Monday, 28 January 2019

OUGD603 - Guidebook - The Arts and Crafts Movement

"Arts and crafts was a design movement initiated by William Morris in 1861 which aimed to improve the quality of design and make it available to the widest possible audience".
"A style that urged for a return to craftsmanship and which rebelled against industrialisation".
(Start: 1860 - End: 1920).

A movement of the late 19th Century, which attempted to re-establish the skills of craftsmanship threatened by mass production and industrialisation. William Morris - the main protagonist - was inspired by writings of art critic John Ruskin, in particular, 'The Nature of Gothic' essay from the book 'The Stones and Venice'. Morris sought to put Ruskin's ideas into practice, by reviving medieval standards and methods of making artefacts, being true to materials, traditional constructional methods and function to the essence of design - Medieval past and architecture with its rich variety of ornament, embodying those individual craft skills being lost through the copying of standard forms.

Architecture was also reformed through traditional building crafts, the use of local materials, and be free of any imposed style. Function, need and simplicity (without spurious ornament) were to inform design, encapsulated in the work of Philip Webb, Richard Lethaby, and Charles Voysey.

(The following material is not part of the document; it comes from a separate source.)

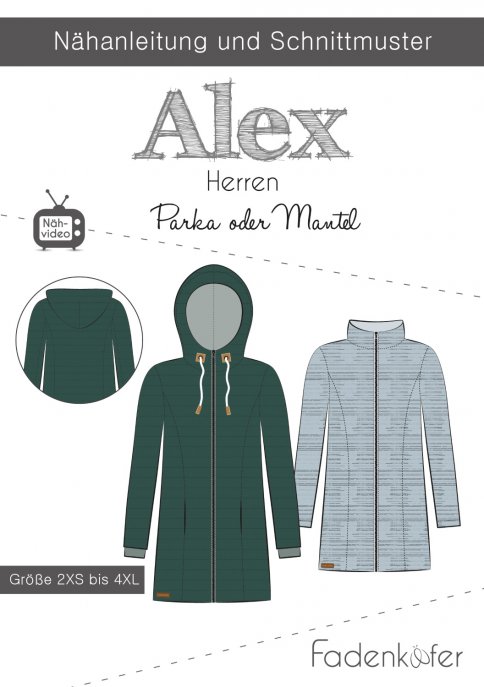 fadenkäfer Herren Parka Alex Gr. 2XS-4XL 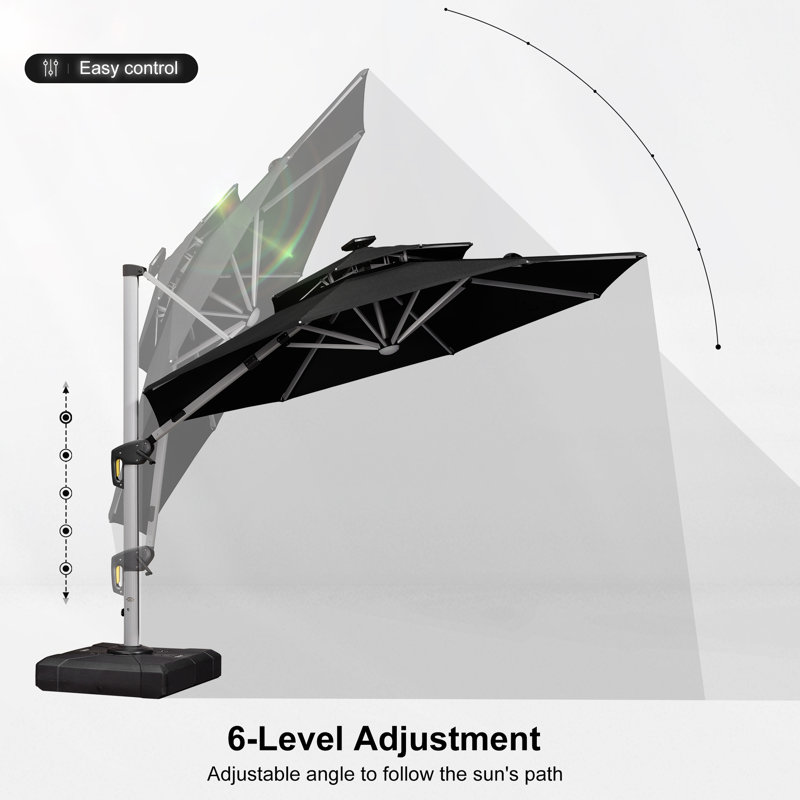 Parasol en porte-à-faux 120 po, Gris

What to look for in an arts and crafts building:
- Clarity of form and structure.
- Variety of materials.
- Asymmetry.
- Traditional construction.
- Craftsmanship.





The Arts and Crafts Movement:
An international movement in the decorative and fine arts that begun in Britain and flourished in Europe and North America between 1880 and 1920. It stood for traditional craftsmanship using simple forms, and often used medieval, romantic, or folk styles of decoration, and advocated economic and social reform and was essentially anti-industrial.

William Morris:
- In 1861, Morris began making furniture and decorative objects commercially, modelling is designs on medieval styles and using bold forms and strong colours. His patterns were based on flora and fauna and his products were inspire by the vernacular or domestic traditions of the British countryside. In order to display the beauty of the materials and the work of the craftsman, some were deliberately left unfinished, creating a rustic appearance. Truth to materials, structure and function became characteristics of the Arts and Crafts movement.
(weaving, dying, printing, calligraphy, embroidery).

"If you want a golden rule that will fit everything, this is it: Have nothing in your houses that you do not know to be useful or believe to be beautiful" - William Morris.